Why Dame Sybil or anyone else, for that matter, should care to see Marilyn is never adequately explained. Part of the problem is that the film never settles on which Marilyn it wants to address, and the narrative alternates awkwardly between Colin’s coming-of-age crush and Monroe herself, a woman who depends on yet suffers through the image the world has shaped of her. Worse, it attempts to merge the two paths, treating the glimpses of Monroe’s private despair as an opportunity for Colin to slip in and try to save her, with him, in one instance, literally climbing through the window to chastely snuggle with the drugged diva. When, after their weeklong getaway, he tries to persuade Monroe to give up her career and run off with him, she lets him down by professing her devotion to Miller. Colin, in return, childishly hurts her the only way he knows how: he calls her a goddess, and in doing so places her back on her celebrity pedestal, divesting her of the vulnerability she had revealed to him.

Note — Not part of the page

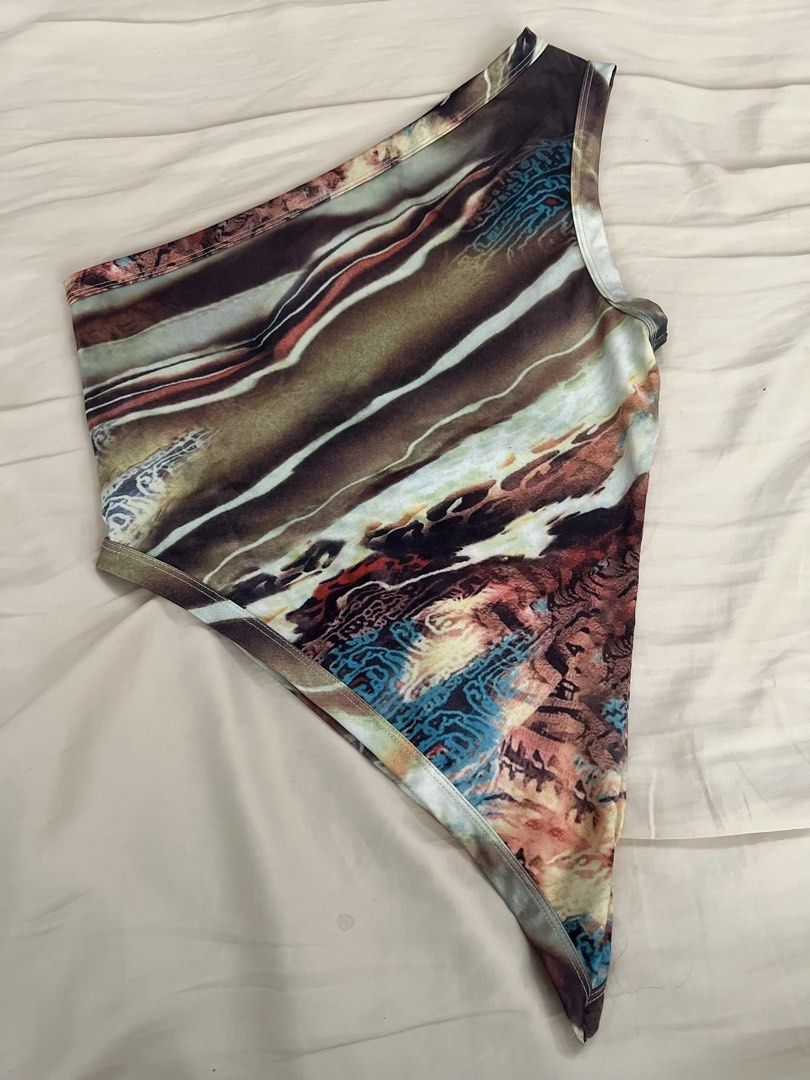 One Shoulder Abstract Print Asymmetrical Top (Category: Sleeveless) located in Pasig City. Submitted by crybaby666 (Listing ID 1459752439, Image 1). Description: - Stylish one-shoulder design - Eye-catching abstract print featuring brown, beige, blue, and red accents - Flattering asymmetrical hemline for a unique look - Comfortable stretchy material - Versatile: Great for casual days or a night out.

The freckled Redmayne plays his role with an appropriately boyish combination of fantasy and arrogance, as Colin genuinely believes that of all the people on set, the coquettish actress would fall in love with him. As Monroe, however, Williams suggests a more complicated picture: a woman as irresistibly and tragically drawn to male attention as she is capable of attracting it. Williams performs as if in an entirely different, not to mention better, film, moving at a languid pace whether wrapping herself in a towel or turning to Colin with a slow, sleepy smile. Though she often says “Gee!,” she never seems surprised, and it’s to Williams’s credit that her airiness belies a sense of distant sadness that no one seems to notice, save, perhaps, Olivier. Despite his frustration with her fragility on set, the aging director sees a different Marilyn in the rushes: fresh, radiant, and everything he is not. “All I see reflected in that magnificent face,” he moans, “is my own inadequacy.”
Rather than recount Colin’s fantasy date with Marilyn, it might have made for a more worthwhile film to examine the circumstances surrounding the two memoirs that came out of his experience; the first, The Prince, the Showgirl, and Me, described the transatlantic culture clash and troubled production of the film, and the second, My Week with Marilyn, published years later, detailed the abbreviated romance between Clark and Monroe. Why did Clark hide the story? And why, finally, did he publish it at all? Curtis, unfortunately, doesn’t give us any clues as to Clark’s motives, or anything that run deeper than schoolboy wish fulfillment. Williams, however, gives us a Marilyn who understands her own image better than anyone. Out on an impromptu shopping excursion, and shortly before she is mobbed on a quiet London street, Colin suggests to her that she should see the sights. She spots the crowd before he does. “I am the sights,” she says, her voice bright. There’s not a hint of weariness in it.